A federal reform agenda
I said earlier that the election of a Rudd Labor government federally would provide a unique opportunity to reform Australian federalism in a fundamental way. Tackling vertical fiscal imbalance must certainly be a critical part of any such reform package, but in my view we also need to redesign and sharpen the functional policy/management division between Commonwealth and States. The SMH article by Steve Burrell mentioned earlier also reports a proposal by Glenn Withers for repairing vertical fiscal imbalance:
In a recent speech, Withers argued that tied SPPs 1 should be abolished and replaced with an equivalent share of income tax to be given to the states to spend as they see fit.
“A crucial first step would be folding all specific-purpose payments into a general-purpose payment and keeping them as a fixed share of GDP pending a constitutional convention which would review state tax powers,” he argued.
“My hope would be such a convention would come to the proposition that states should receive a proportion of income tax, initially at the current level of SPPs, but they are then free to vary that up or down (as a proportional state income tax surcharge or rebate).”

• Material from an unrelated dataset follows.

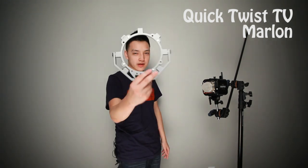Hello everyone, welcome to another episode of Quick Twist TV. My name is Marlon, and today we're taking a look at speed rings. The reason why we're doing that is because a lot of people don't know that speed rings can actually save you both time now and money in the future.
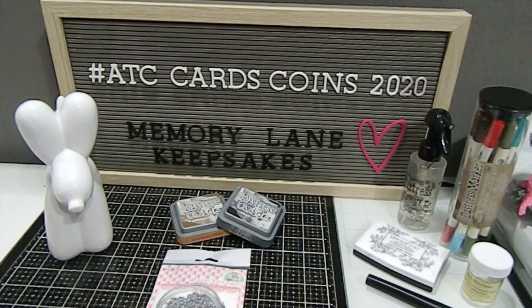Welcome to the last installment video for the ATC Card Coin Collab that's hosted by Poetic Spice. I have been so excited about everything that I had a chance to create as far as the ATC cards and the ATC coins. I really appreciate the love and the support you guys have shared with me. By commenting down below, if you would like to see all the other collaborators that were part of the ATC Card Coin Collab, their names and channels would be listed in the description box below.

Even the first step is not small beer. At $22.4 billion in 2007-08, direct SPPs to the states alone represent about 19 per cent of the personal income tax take and 11 per cent of total income tax revenue, including company, superannuation and fringe benefits tax.
The only problem with solutions like this is the realpolitik of the situation: no Commonwealth government, not even a fresh and constructively-minded one under Kevin Rudd, is likely to surrender control of the federal purse-strings without receiving a compensating advantage from the States in return. At the moment, the Commonwealth mostly exercises policy oversight/control over the States through the use of tied grants or SPPs under Constitution section 96. Providing the States with a guaranteed untied share of revenue sufficient for their needs, as Withers proposes, would largely destroy the Commonwealth’s policy leverage over the States.
However, as I argued above, it actually makes sense in governance terms to have policy centrally co-ordinated via a co-operative federal structure like COAG, with actual management and operational control vested in States and local governments able to understand and respond to local circumstances, needs and wishes.
In order to persuade the Rudd federal government to agree to permanently restoring vertical fiscal balance (as Withers proposes), the States will need to agree to refer powers to the Commonwealth under Constitution section 51(xxxvii). The Commonwealth should logically have general power over the incorporation of companies (it controls them once they’re incorporated anyway); river flows in the Murray-Darling basin; and (perhaps subject to some safeguards) industrial relations. The States should also agree to refer policy but not operational control over health, education, transport activities directly affecting exports, and climate change.
The major advantage the States would gain by agreeing to make these sorts of wide-ranging referrals of their constitutional powers to the Commonwealth is that they could effectively entrench the reciprocal Commonwealth guarantee to restore vertical fiscal balance. The States would refer these powers only for so long as the Commonwealth keeps its promise of maintaining the States’ reasonable fiscal requirements as defined in the referral enactments, with that funding to be delivered in accordance with the recommendations of an independent and apolitical Commonwealth Grants Commission (to maintain equity in service provision between smaller and larger states).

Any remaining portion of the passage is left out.